Should I address the fact that I’ve been MIA for 3 days? Well, if I did, I’d just be making up some lame reason. Because, truthfully, I don’t have a real reason that will make sense to everyone—but, I’ll try and tell you anyway. I was still writing. I just wasn’t posting. I felt like I’d been going nonstop, stressed about posting every-single-day, for the last 8-months. Even the few random days I missed, I was still obsessed with the guilt of not posting for a day. So, the last three days, I just let myself live without it. I wanted to know what it felt like to not have this blog to wake up to everyday—and it sucked. I need this just as much as it calls to me. I didn’t abandon anything, I didn’t fall into a depressive hole, nor did stop writing.
This little break I took from posting goes along with the saying, “you don’t know what you have until it’s gone.” In this situation, my blog wasn’t gone, I just chose to see what my life would be if it were. And, damn, three days was enough of that. I’ve had enough of no one believing me when I say I’m okay; I’ve had enough of the worried looks. I am okay. I am. I wasn’t in a slump, I was in an experiment. I’ve also been wrestling with whether or not I should have announced this 3-day break (not even really a break…I just don’t know what else to call it). But, then, I realized the effect wouldn’t have been the same. I wouldn’t have dealt with the questions, the doubt, or the drama that came with it.
I was reminded of something along these last three days, as well. When you are surrounded by people who think you’re falling apart, you start to believe you may actually be falling apart. When you’re state-of-mind is in constant question, you wonder if you actually are as bad as they think. Luckily, for me, I’ve been dealing with this sort of thing for quite some time. I was able to stay strong—for the most part—and not let the negativity get to my head. Originally, I was only going to take Sunday off from posting. When Monday came around, I had work during the day, and then had an opportunity to play basketball for a few hours (during the time I had planned on finishing my blogs). I jumped at the chance and spent three hours sprinting around the gym like I was mad, just playing my game. That was the best decision I’ve made for myself, mentally, in a long time. Tuesday, I woke up unable to move. I’d twisted my ankle playing soccer, Sunday night; going hard in basketball, Monday night, only made everything worse. All of Tuesday was spent limping around, moving in slow motion. I’m sorer than I have been in months of working out. I feel relieved. I feel rejuvenated. I feel motivated.

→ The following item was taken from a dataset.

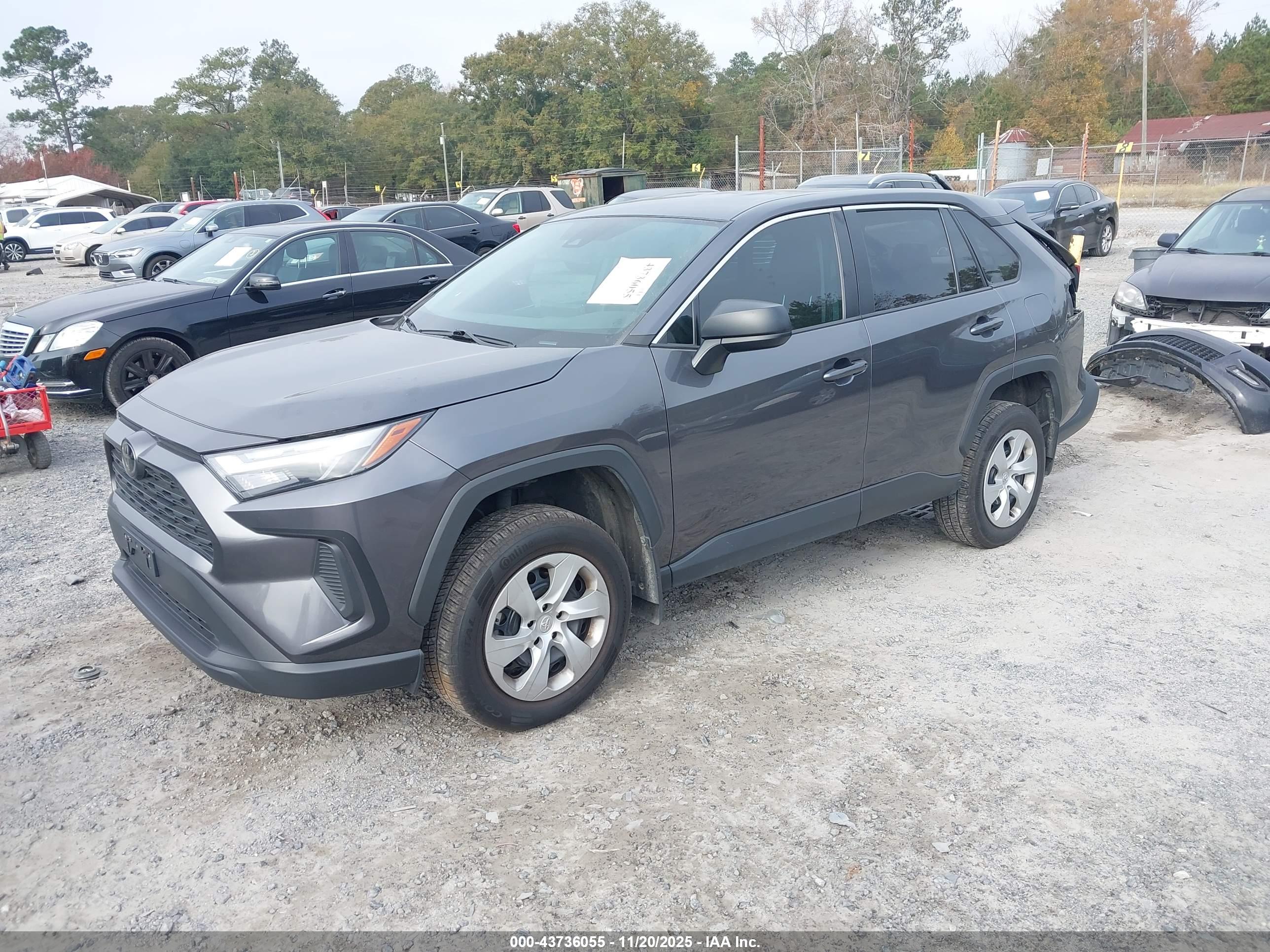 TOYOTA RAV4 image 2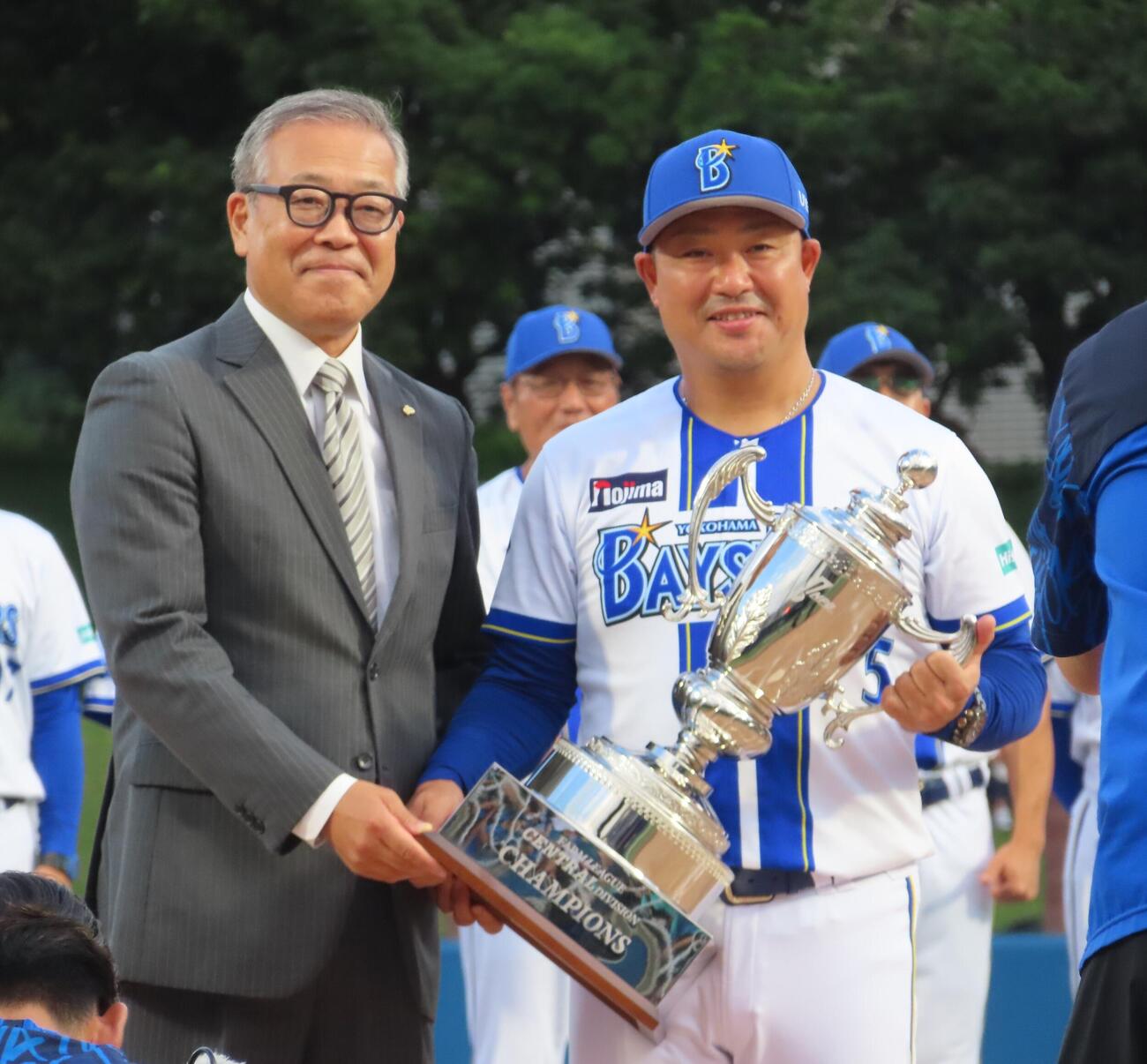 優勝トロフィーを手に笑顔のDeNA村田2軍監督（撮影・水谷京裕）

Pulling yourself away from a routine is 100% necessary. Making space for yourself to relax, do what you want, and not pressure any kind of normally expected activity saves you from falling apart. You can’t always completely stop your life (and, honestly, you probably shouldn’t), but you can control a lot more than you think. Personally, I just needed space from posting. So, I cut only that out and continued to write, work and workout like normal. Next time I decide to do an experiment like this, I’ll definitely do it differently. However, I’m happy with the outcome of these last three days and I’m still working on my new website. It won’t be too much longer before I’m drowning inside my writing—more than I already am.
We can’t control every aspect of our daily lives. If you need a break, take what you can control and alter it. If you need a reality check, do the same—just like I did. It was coming to a point where I felt like having to post was controlling me, so I did something about it. Now, I realize it wasn’t controlling me, I was just being too hard on myself. When you open your eyes and look, lessons aren’t too far away. In some cases, you have the ability to speed up the process—that’s the secret weapon if you want to get ahead of an issue before it breaks you. You’re in control of much more than you think.